Alexandra Eidenberg says she is running to take over the 17th District state representative’s post being vacated by Rep. Laura Fine because the State has “reached a point of desperation.”
Ms. Eidenberg, who comes to the campaign from a background in the insurance industry as well as family issues-centered community activism, gives myriad reasons for that desperation.
“The state is not very family-friendly,” she explained. “We’re not business-friendly and we’re not creating good-paying jobs. I grew up in a hard-working family. My dad is a construction business owner and my mom’s a teacher. I remember her being up for hours at night working on lesson plans. We’ve really gotten to this place in Illinois where your work ethic doesn’t speak for how well you can do any longer.”

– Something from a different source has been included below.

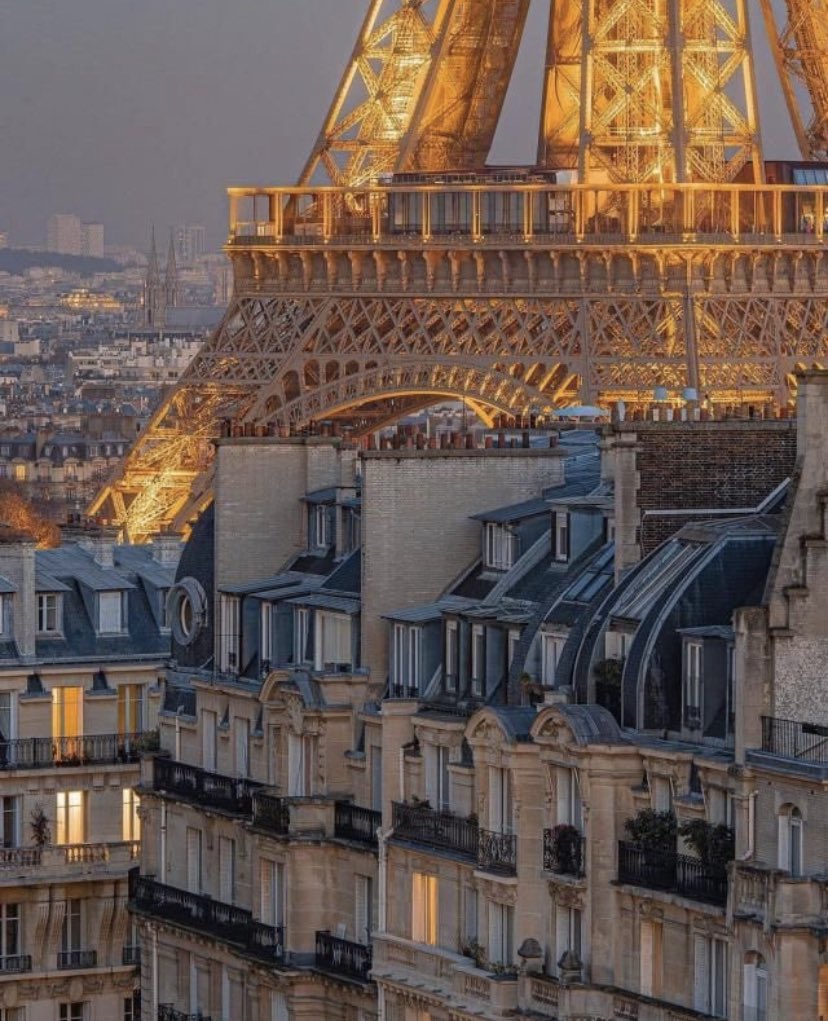 W0rld2026's tweet photo. Paris, France https://t.co/k74hwuY36l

She added, “I want to take that hard ethic that I was raised on, bring that to Springfield, and be a fighter.”
Ms. Eidenberg, who lives in Wilmette, faces significant competition in the March 20 primary. She is running against Mary Rita Luecke, Candance Chow, Jennifer Gong-Gershowitz, and Peter Dagher, but has nevertheless lined up endorsements from House members with whom she has previously been allied in her activism, among them state Reps. Sara Feigenholtz, Ann Williams, and State Sen. Toi Hutchinson.
She first became “passionate” about that activism about five years ago, she said, when she testified before State officials about a bill that would allow pregnant women to ask for certain accommodations in the workplace.
“I was a couple weeks postpartum and drove down to Springfield and was heard by the committee,” she recalled. “I bring a really unique asset to the table – I’m a small business owner who ‘gets’ women’s rights. That’s a really unique juncture. … I said, ‘We have to treat women well. We can’t make them choose between their pregnancy and their job. So often, women are the bread-winner, or single-parents. We can’t make them have to make that decision.”
The bill passed, and the experience inspired Ms. Eidenberg to form an advocacy organization; initially called Mom plus Baby, it’s now known as Women Empowering Women In Local Legislation.
“We focus on family initiatives, so I have a lot of experience writing, proposing and testifying on legislation,” she explained.
Her work in the insurance business also means she has specific ideas about affordable healthcare, an issue vexing every state, she added.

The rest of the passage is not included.